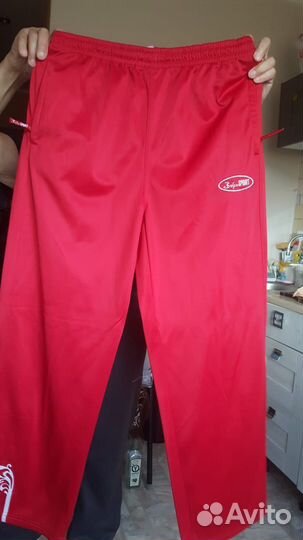 Спортивный костюм женский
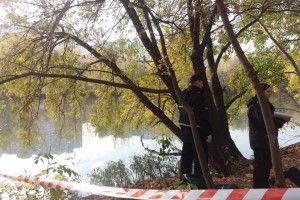 Горе-матір викрала та втопила своїх малолітніх дітей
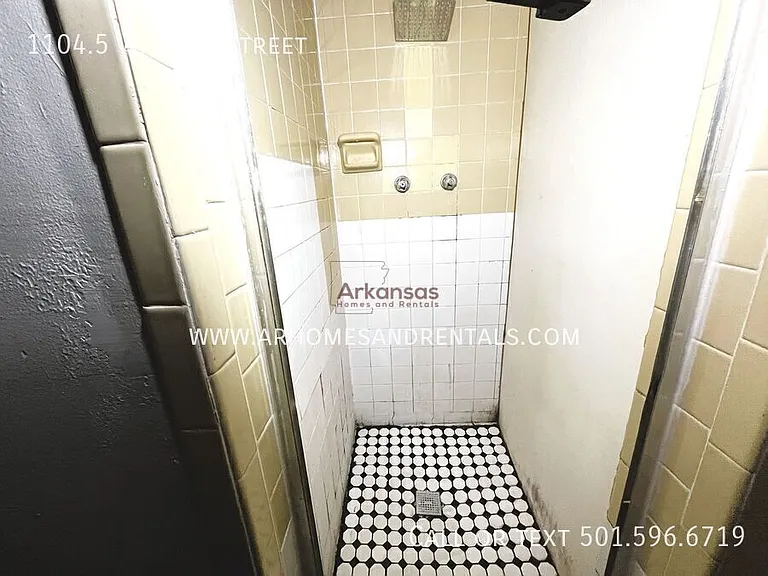 1104.5 W 24th St — Photo 8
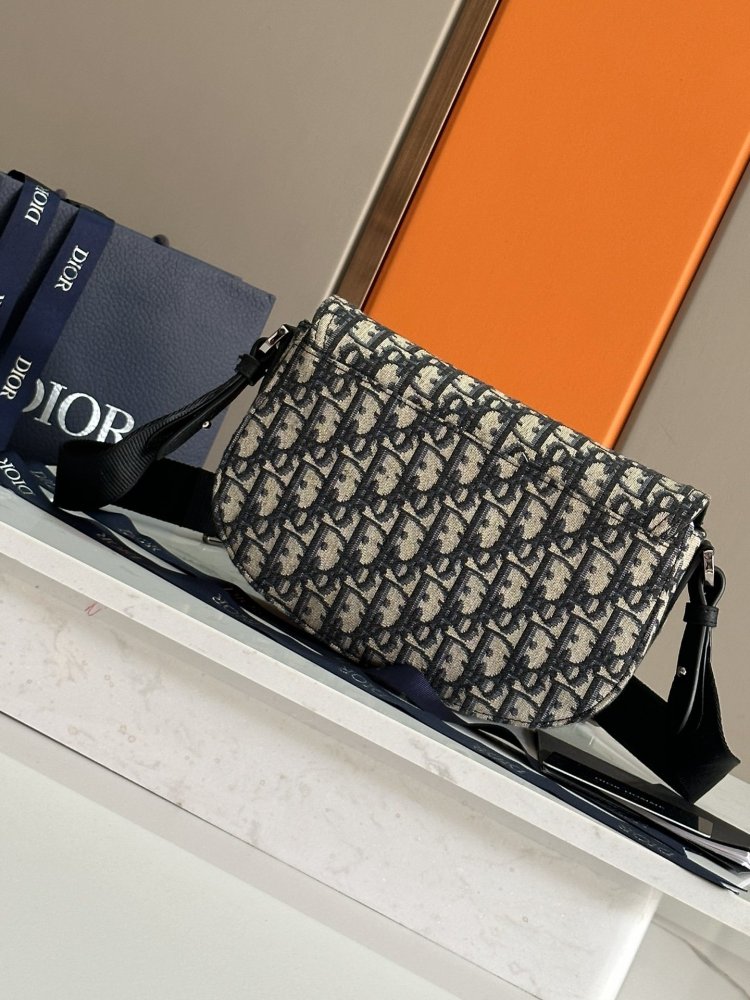 Сумка мужская Saddle Messenger 24 см фото 3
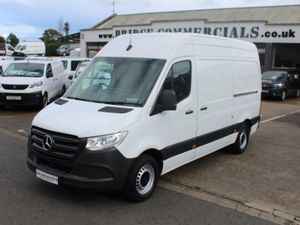 2021 Mercedes-Benz Sprinter 315 L2H2 RWD 7000kgs - Image 3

- [What you will do]: Output every entry verbatim. Pictures do not belong in the copy.

- [Task result]:
 Спортивный костюм женский
 Горе-матір викрала та втопила своїх малолітніх дітей
 1104.5 W 24th St — Photo 8
 Сумка мужская Saddle Messenger 24 см фото 3
 2021 Mercedes-Benz Sprinter 315 L2H2 RWD 7000kgs - Image 3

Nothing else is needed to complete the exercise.